[Records shown — start]

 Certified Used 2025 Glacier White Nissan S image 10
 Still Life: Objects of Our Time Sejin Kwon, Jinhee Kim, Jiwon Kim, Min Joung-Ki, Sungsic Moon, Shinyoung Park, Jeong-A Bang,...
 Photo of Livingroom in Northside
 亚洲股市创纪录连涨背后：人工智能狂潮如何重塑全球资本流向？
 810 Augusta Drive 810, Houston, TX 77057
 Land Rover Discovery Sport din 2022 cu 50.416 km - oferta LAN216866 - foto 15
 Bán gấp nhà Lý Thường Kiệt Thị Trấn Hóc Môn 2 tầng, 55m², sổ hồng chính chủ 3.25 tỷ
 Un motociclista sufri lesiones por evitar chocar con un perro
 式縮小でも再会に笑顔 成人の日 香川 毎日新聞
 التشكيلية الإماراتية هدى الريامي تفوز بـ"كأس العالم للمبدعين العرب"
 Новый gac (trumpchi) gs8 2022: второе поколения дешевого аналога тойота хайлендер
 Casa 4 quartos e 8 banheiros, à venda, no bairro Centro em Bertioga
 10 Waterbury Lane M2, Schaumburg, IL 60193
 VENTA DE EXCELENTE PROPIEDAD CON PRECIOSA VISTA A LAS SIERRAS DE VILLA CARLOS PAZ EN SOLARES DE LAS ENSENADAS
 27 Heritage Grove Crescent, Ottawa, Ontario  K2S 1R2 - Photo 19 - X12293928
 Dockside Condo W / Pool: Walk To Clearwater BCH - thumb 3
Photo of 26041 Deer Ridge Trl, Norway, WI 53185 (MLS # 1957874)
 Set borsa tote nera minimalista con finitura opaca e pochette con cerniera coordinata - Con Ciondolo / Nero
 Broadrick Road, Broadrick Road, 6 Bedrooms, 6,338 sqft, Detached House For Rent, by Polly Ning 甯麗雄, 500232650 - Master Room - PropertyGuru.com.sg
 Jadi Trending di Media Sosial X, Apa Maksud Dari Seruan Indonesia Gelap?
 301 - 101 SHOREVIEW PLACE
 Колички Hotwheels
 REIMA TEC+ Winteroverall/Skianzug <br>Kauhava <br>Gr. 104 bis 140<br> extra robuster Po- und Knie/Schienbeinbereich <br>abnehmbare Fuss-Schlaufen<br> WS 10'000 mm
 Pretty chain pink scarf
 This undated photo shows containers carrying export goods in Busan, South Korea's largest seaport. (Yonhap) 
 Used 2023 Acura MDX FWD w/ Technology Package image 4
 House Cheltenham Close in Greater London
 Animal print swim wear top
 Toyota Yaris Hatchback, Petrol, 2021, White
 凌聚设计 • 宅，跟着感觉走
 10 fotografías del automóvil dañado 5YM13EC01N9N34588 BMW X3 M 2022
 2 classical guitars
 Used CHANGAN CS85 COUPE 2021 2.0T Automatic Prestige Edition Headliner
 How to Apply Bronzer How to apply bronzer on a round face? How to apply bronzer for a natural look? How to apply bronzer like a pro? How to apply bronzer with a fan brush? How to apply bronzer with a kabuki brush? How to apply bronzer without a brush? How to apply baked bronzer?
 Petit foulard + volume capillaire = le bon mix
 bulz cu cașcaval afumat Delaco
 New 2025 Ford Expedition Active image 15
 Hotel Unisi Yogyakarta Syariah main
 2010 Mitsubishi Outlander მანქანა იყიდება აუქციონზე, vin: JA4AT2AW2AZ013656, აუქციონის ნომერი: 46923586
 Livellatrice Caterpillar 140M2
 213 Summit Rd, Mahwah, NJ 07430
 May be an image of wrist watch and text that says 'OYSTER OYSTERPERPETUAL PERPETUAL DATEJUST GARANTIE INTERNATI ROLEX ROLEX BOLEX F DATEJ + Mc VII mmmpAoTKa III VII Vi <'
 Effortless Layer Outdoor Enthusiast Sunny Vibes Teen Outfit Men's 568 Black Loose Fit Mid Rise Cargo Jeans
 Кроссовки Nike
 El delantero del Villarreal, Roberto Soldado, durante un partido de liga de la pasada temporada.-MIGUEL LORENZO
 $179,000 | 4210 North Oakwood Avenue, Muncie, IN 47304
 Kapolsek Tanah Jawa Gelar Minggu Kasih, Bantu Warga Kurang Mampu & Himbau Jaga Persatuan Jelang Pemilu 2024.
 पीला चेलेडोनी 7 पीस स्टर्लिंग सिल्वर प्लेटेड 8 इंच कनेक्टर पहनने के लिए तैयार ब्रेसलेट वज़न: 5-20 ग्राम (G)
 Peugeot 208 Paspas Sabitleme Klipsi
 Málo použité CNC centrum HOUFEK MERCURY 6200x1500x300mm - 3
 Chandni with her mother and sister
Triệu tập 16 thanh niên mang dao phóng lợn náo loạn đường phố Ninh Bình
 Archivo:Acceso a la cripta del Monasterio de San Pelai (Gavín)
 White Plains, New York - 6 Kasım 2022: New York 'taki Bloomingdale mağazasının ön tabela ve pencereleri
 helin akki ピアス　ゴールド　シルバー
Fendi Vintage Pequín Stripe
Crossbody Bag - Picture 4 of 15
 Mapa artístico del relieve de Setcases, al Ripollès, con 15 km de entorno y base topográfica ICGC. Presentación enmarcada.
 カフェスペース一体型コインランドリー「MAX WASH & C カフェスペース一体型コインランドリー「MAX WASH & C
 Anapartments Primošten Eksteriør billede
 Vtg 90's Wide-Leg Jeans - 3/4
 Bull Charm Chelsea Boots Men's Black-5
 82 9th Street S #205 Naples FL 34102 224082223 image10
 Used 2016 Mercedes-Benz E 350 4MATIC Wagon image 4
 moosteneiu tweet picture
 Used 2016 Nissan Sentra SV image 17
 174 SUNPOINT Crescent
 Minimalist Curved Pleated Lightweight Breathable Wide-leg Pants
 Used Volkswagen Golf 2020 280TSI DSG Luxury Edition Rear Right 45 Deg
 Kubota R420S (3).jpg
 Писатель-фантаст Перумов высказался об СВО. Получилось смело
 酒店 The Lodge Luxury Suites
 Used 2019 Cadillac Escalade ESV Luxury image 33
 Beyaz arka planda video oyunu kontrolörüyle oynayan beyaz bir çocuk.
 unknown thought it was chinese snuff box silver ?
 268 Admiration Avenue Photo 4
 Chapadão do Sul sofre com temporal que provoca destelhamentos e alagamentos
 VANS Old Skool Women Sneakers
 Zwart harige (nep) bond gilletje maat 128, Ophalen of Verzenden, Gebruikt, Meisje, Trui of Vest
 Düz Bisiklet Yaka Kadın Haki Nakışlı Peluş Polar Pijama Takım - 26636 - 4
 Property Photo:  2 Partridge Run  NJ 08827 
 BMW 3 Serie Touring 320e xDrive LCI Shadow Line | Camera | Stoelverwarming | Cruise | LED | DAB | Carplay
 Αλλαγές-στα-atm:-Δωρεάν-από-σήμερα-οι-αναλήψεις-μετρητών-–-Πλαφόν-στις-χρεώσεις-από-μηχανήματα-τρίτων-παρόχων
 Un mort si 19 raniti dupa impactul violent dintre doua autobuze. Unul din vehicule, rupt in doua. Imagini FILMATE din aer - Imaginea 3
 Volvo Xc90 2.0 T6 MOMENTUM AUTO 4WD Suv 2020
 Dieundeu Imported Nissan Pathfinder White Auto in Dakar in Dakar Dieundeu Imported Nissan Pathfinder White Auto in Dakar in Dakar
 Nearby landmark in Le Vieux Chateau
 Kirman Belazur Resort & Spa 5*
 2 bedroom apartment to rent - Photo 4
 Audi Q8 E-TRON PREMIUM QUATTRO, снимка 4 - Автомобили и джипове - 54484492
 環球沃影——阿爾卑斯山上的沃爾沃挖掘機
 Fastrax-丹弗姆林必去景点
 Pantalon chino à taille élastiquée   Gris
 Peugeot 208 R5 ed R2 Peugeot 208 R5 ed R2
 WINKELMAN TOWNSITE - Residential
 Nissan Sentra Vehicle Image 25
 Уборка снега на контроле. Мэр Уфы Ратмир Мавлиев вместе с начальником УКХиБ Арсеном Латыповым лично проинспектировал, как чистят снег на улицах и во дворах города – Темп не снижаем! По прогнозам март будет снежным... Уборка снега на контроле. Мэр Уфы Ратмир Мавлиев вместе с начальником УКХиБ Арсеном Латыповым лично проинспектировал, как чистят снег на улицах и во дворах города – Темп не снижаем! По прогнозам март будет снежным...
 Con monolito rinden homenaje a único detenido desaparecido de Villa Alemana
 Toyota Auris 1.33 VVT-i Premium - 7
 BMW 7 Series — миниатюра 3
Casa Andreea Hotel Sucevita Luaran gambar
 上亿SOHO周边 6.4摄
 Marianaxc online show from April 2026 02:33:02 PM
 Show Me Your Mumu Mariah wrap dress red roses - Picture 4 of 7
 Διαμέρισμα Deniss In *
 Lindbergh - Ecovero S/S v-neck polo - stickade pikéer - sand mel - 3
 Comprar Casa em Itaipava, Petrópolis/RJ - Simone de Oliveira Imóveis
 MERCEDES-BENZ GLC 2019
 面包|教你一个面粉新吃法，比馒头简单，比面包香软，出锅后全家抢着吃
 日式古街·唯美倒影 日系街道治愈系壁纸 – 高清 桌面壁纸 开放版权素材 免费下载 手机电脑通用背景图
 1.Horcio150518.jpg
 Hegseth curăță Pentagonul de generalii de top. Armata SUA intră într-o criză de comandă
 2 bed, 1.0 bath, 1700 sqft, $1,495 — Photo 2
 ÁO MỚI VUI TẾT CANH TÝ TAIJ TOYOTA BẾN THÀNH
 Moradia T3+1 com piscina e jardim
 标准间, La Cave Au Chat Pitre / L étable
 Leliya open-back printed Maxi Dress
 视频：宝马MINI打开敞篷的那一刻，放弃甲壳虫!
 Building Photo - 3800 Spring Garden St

[Records shown — finish]

Try it - Using the data above, print exactly the lines from the line that contains "Still Life: Objects" through the line that contains "Land Rover Discovery", with both included.

Reply -
 Still Life: Objects of Our Time Sejin Kwon, Jinhee Kim, Jiwon Kim, Min Joung-Ki, Sungsic Moon, Shinyoung Park, Jeong-A Bang,...
 Photo of Livingroom in Northside
 亚洲股市创纪录连涨背后：人工智能狂潮如何重塑全球资本流向？
 810 Augusta Drive 810, Houston, TX 77057
 Land Rover Discovery Sport din 2022 cu 50.416 km - oferta LAN216866 - foto 15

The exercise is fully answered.